Do Not Fall For The Working Hard Versus Smart Fallacy
Much has been written and said lately about the sometimes fetishized startup work culture. The two camps seem to divide along the lines of “hustle hard and be proud of it” on the one hand and “scientific studies prove that working endless hours does not create useful results — plus: You should have a life” on the other.
I believe (and have written before) that the reality lies (as so often) somewhere in the middle. Generally speaking, I think you should protect your sleep, have a social life (as it has many benefits), eat well and work focused. Moreover, sometimes you have to burn the midnight oil — as this is just the reality of startups.
There is one big fallacy which most of us fall for — let’s call it the “working hard vs. smart fallacy”. The story goes something like this: It takes a young locksmith more than an hour to unlock a door. He is working hard, trying his best — and once done; he gets a nice tip for all his (visibly) hard work. As the locksmith gets older and more experienced, he also gets faster — what took him an hour only takes him a minute after years of deliberate practice.
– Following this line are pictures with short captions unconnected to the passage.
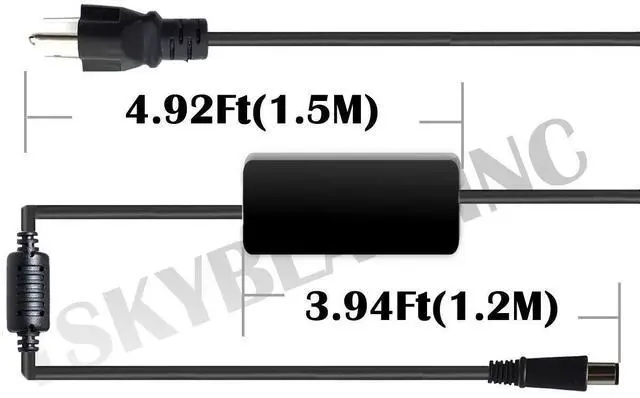 Alt view image 13 of 14 - 65W AC Adapter Laptop Charger Compatible with HP ProBook 4540s 4440s 4530s 4430s 4520s 6570b 6560b 6470b 6550b EliteBook 8460p 8440p 8470p 2540p 8570p 8560p 2000-2b09wm PC Power Supply Cord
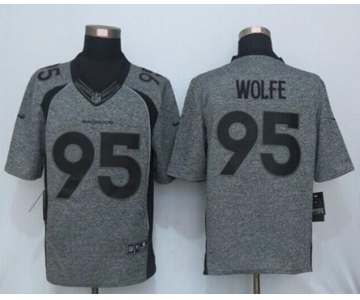nike nfl jerseys denver broncos #95 wolfe gray[nike Limited]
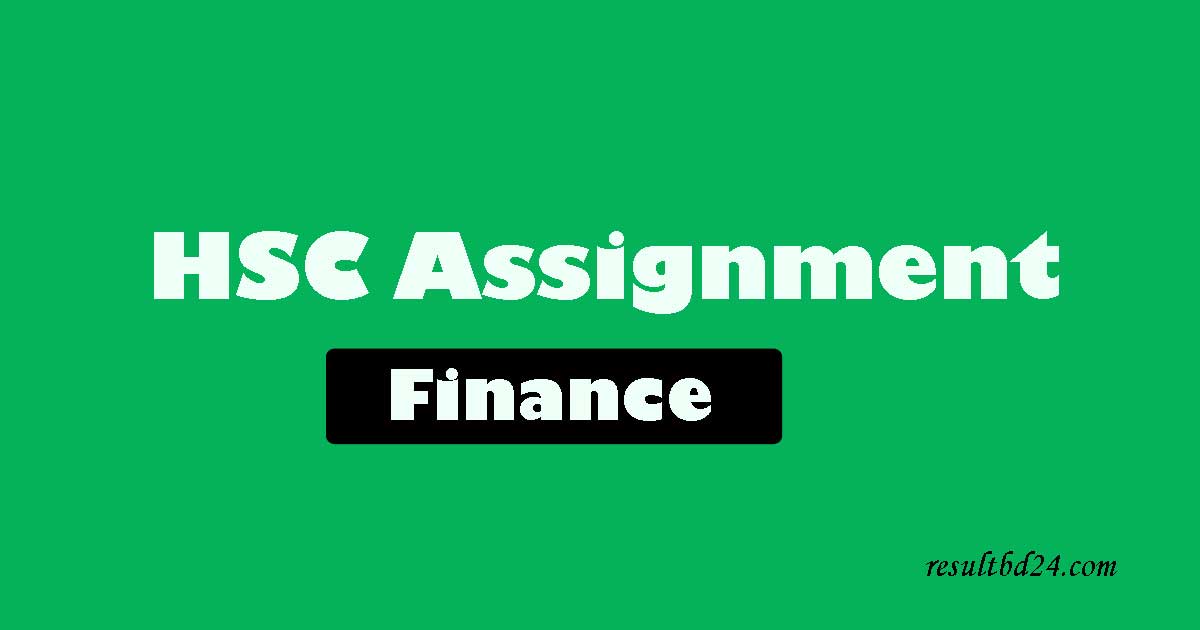 finance 5th week assignment answer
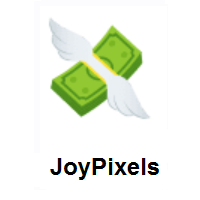 Flying Banknote on JoyPixels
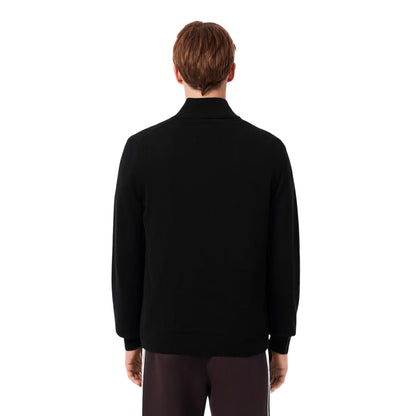 Pullover Uomo mezza zip, realizzato in cotone, con coccodrillo sul petto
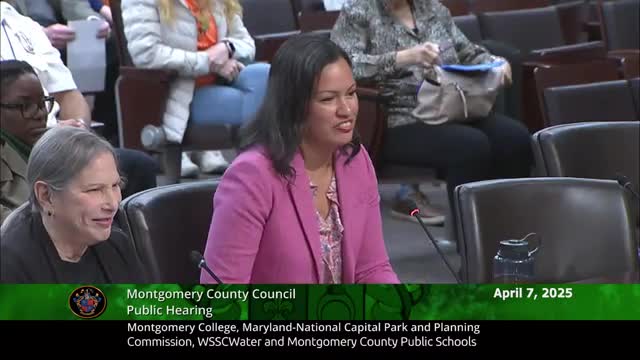 Rockville Mayor Ashton advocates for education and fire department funding during budget hearing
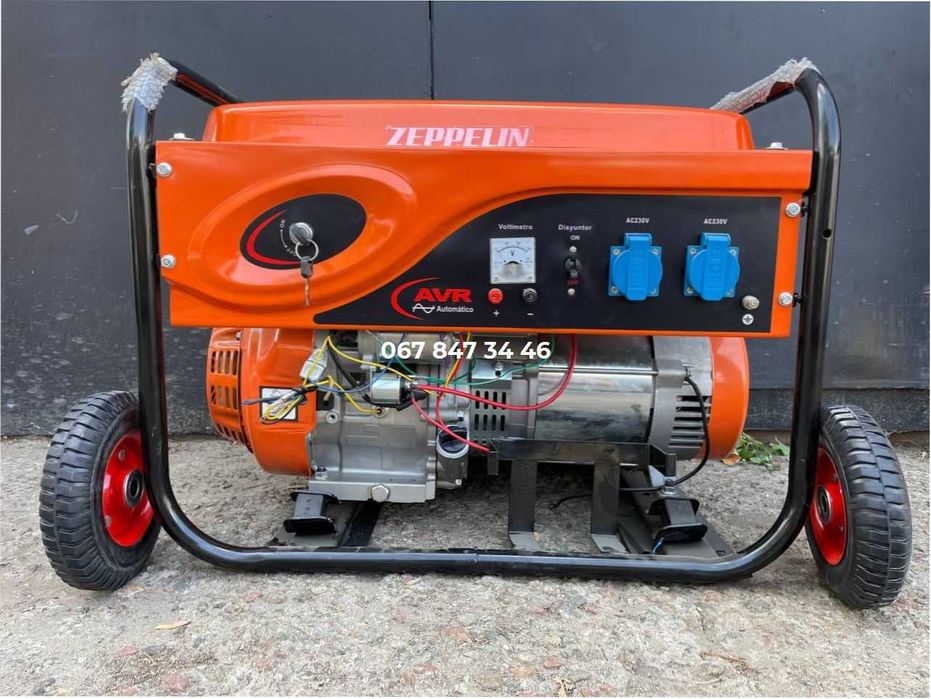 Електро Генератор Zeppelin 6000 6.6 kW  електростартер Іспанія Бензин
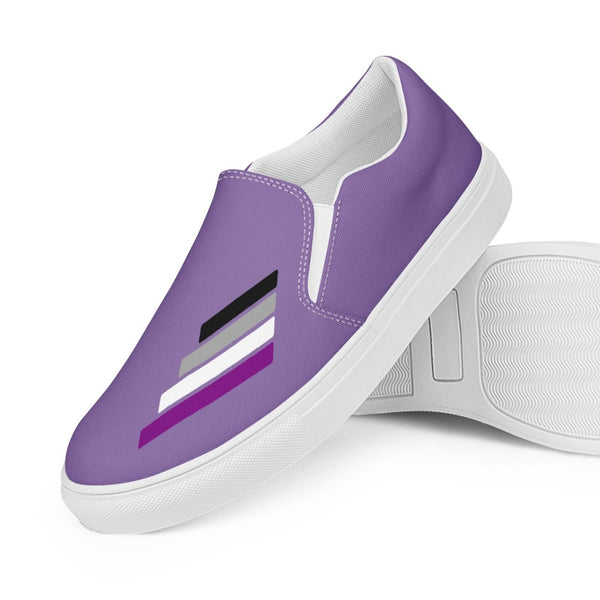 Asexual Pride Modern Purple Slip-On Shoes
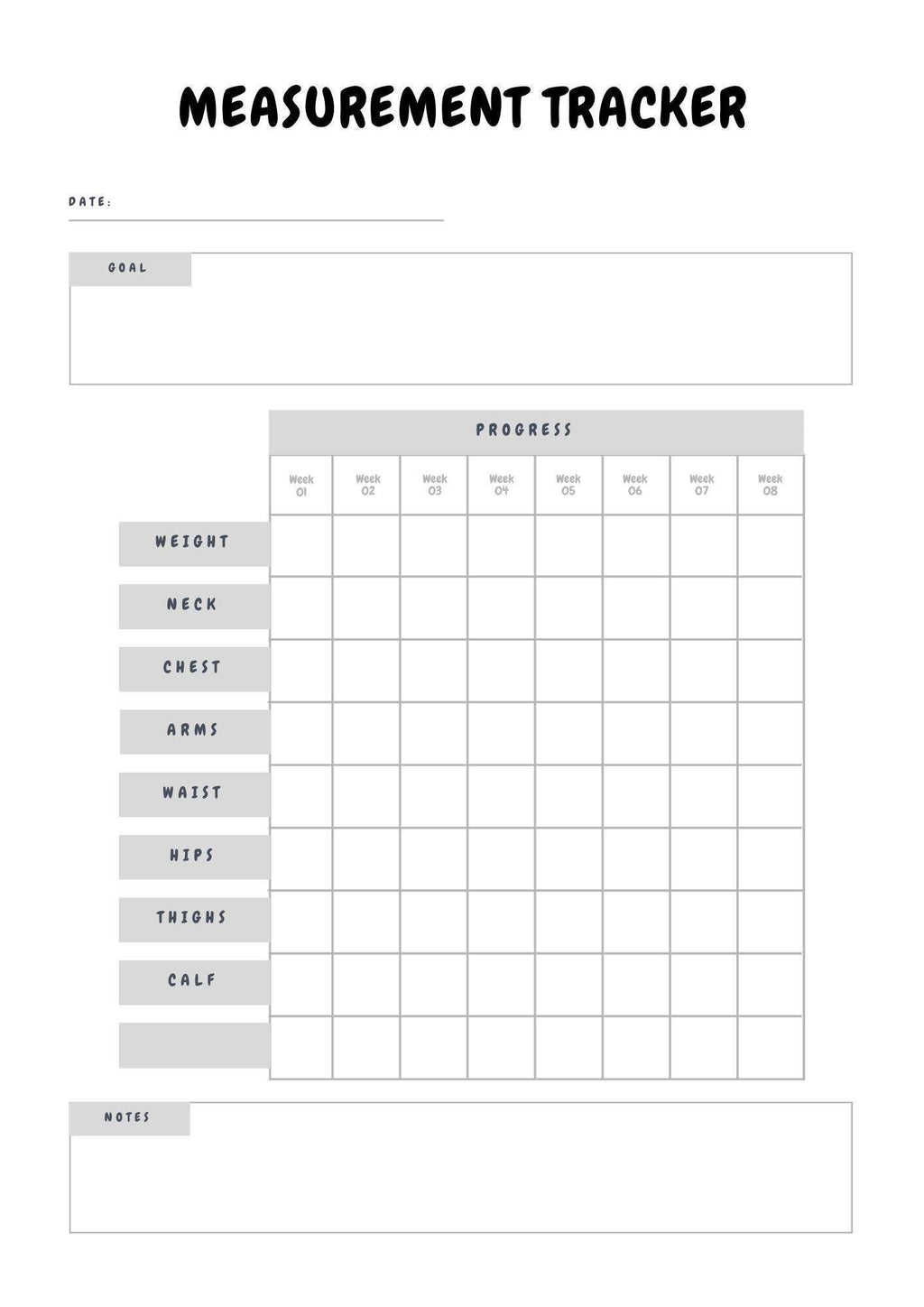 Fitness Goal Crusher Printable Planner - Motivate, Track Progress, Stay Organized - Instant Download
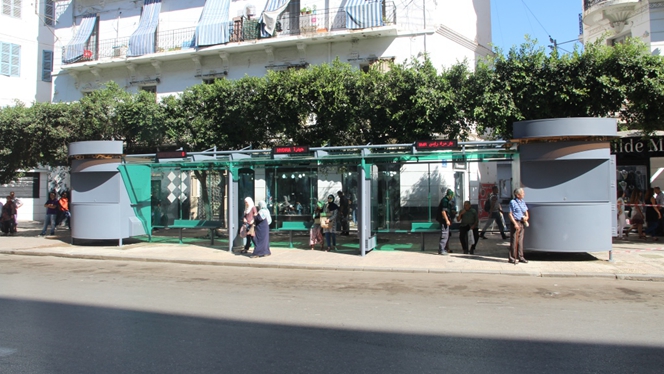 YEROO Algeria Bus Shelter with Integrated Kiosk Project: Multi-Functional Urban Transit Hub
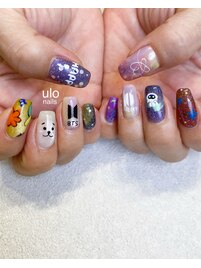 LIVEへの推し全開ネイル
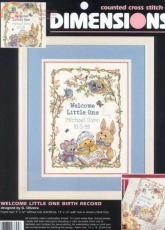 Dimensions 3845 Welcome Little One Birth Record XSD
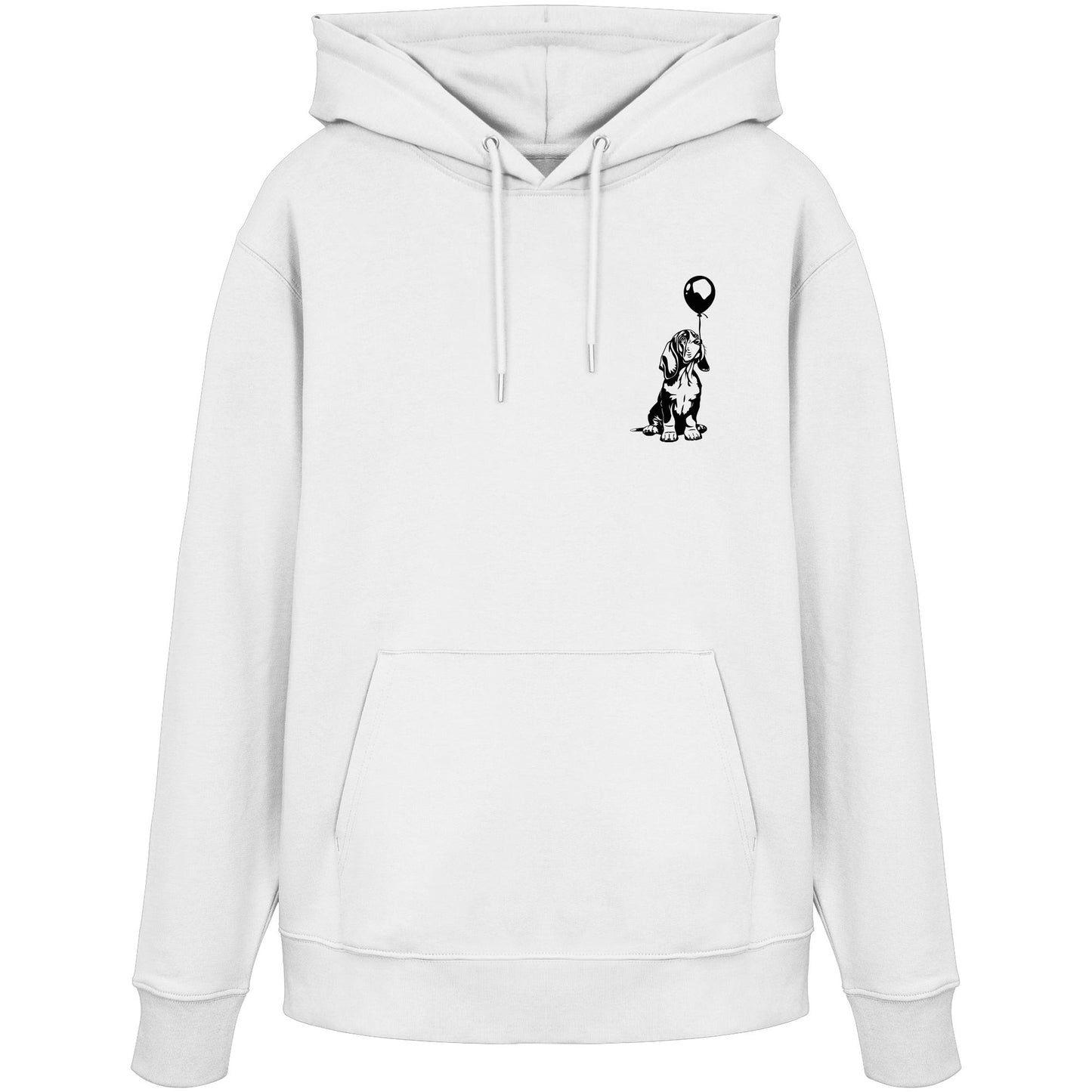 Ballon Basset Hound - Organic Hoodie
However, once he can open doors in minutes and even seconds, people stop giving him tips — as they feel he did not work hard enough.
We all too often mistakenly value the subjective quality of work (how hard we work) instead of the output (what we achieve). Which is stupid — as all that matters is output, not input.
Focus your energy on doing smart work and turn your attention to outputs instead of falling for the fallacy of looking at inputs and derive your judgment and value from those.